Kementerian Negara Perumahan Rakyat khawatir subsidi perumahan tahun 2009 tak bisa terserap habis seperti tahun 2008. Dalam anggaran tahun 2009 ini pemerintah mengalokasikan dana Rp2,5 triliun untuk subsidi rumah sederhana (RSh) dan rumah susun sederhana milik (rusunami). Sekretaris Kementerian Negara Perumahan Rakyat Iskandar Saleh mengatakan, subsidi yang disediakan pemerintah akan terserap jika perbankan menyalurkan Kredit Pemilikan Rumah (KPR).

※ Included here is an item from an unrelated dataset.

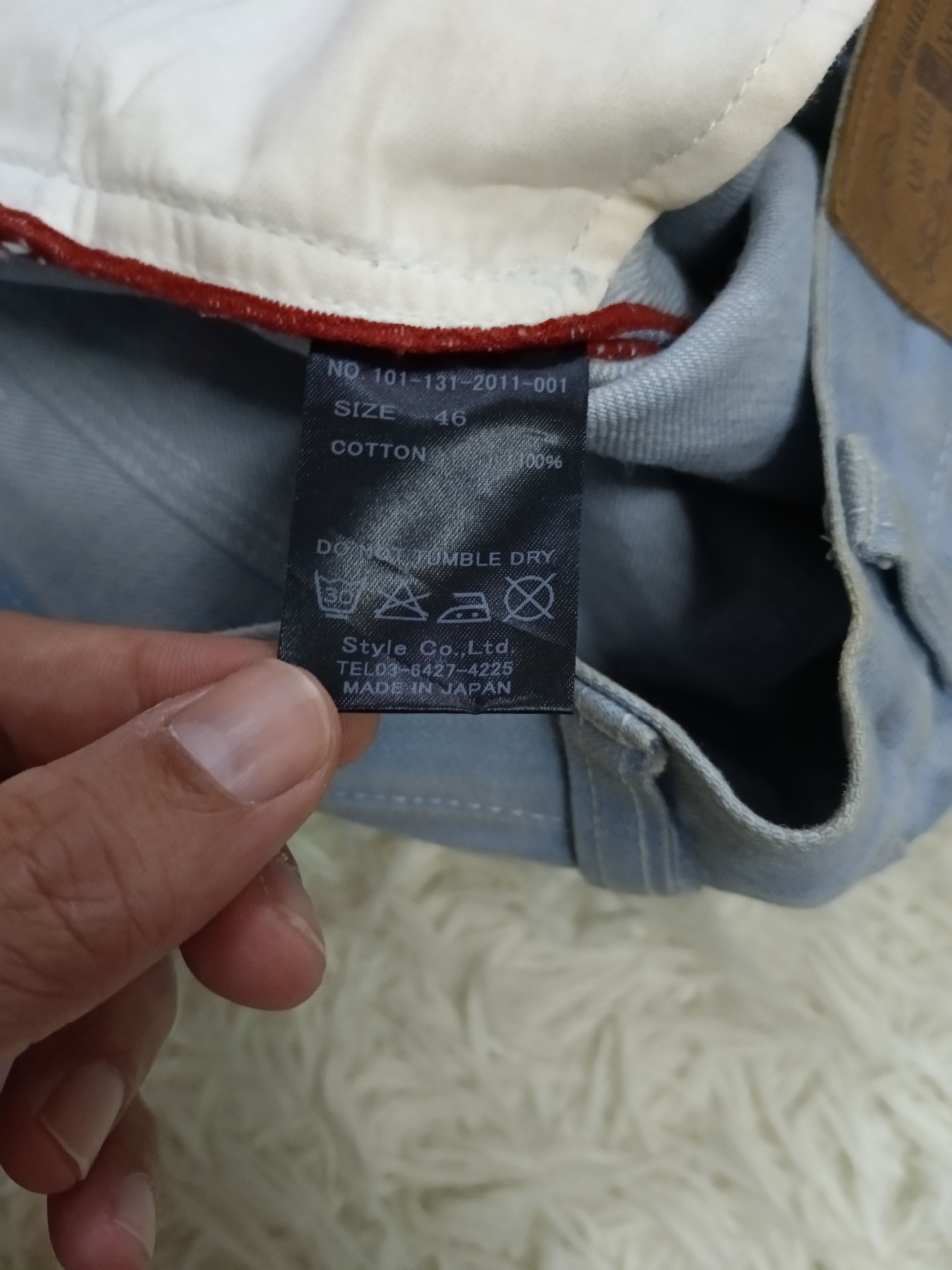 Japanese Brand FLARED🔥DiSTRESSED LIGHT BLUE MADE IN JAPAN OF THE NIEGE Size US 33 - 7 Thumbnail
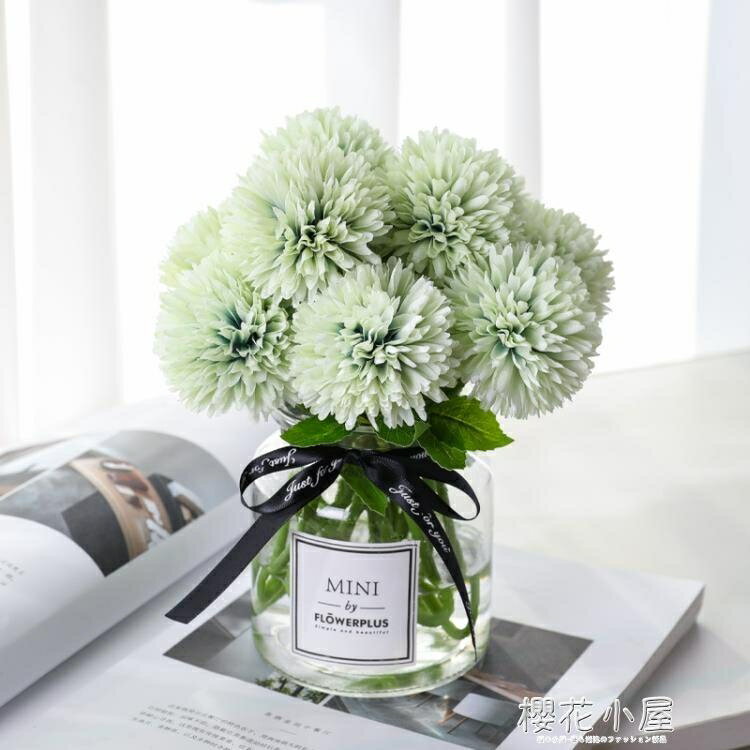 仿真花擺件繡球花客廳餐桌花瓶裝飾干花假花插花藝家居擺設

Saat ini Bank Tabungan Negara (BTN) menguasai 97% pasar KPR di Indonesia. Perbankan nasional lainnya belum terlibat banyak dalam pembiayaan KPR RSh.

Kementerian akan mengusulkan fasilitas likuiditas untuk meningkatkan pokok pinjaman dengan memberikan dana pendampingan bergulir yang dihitung sebagai keikutsertaan pemerintah dalam dana pokok pinjaman. Porsi perbankan dan pemerintah masing-masing 60% dan 40%. Pemerintah membutuhkan dana Rp4,2 triliun untuk menjalankan fasilitas ini. Di samping itu, kementerian juga mengusulkan revisi Peraturan Bank Indonesia (PBI) untuk menurunkan profil risiko kredit sebesar 10% menjadi 30%. Dengan insentif ini, pemerintah berharap perbankan dapat bergairah mengucurkan kredit rumah bersubsidi karena pengucuran tak menggerus rasio kecukupan modal.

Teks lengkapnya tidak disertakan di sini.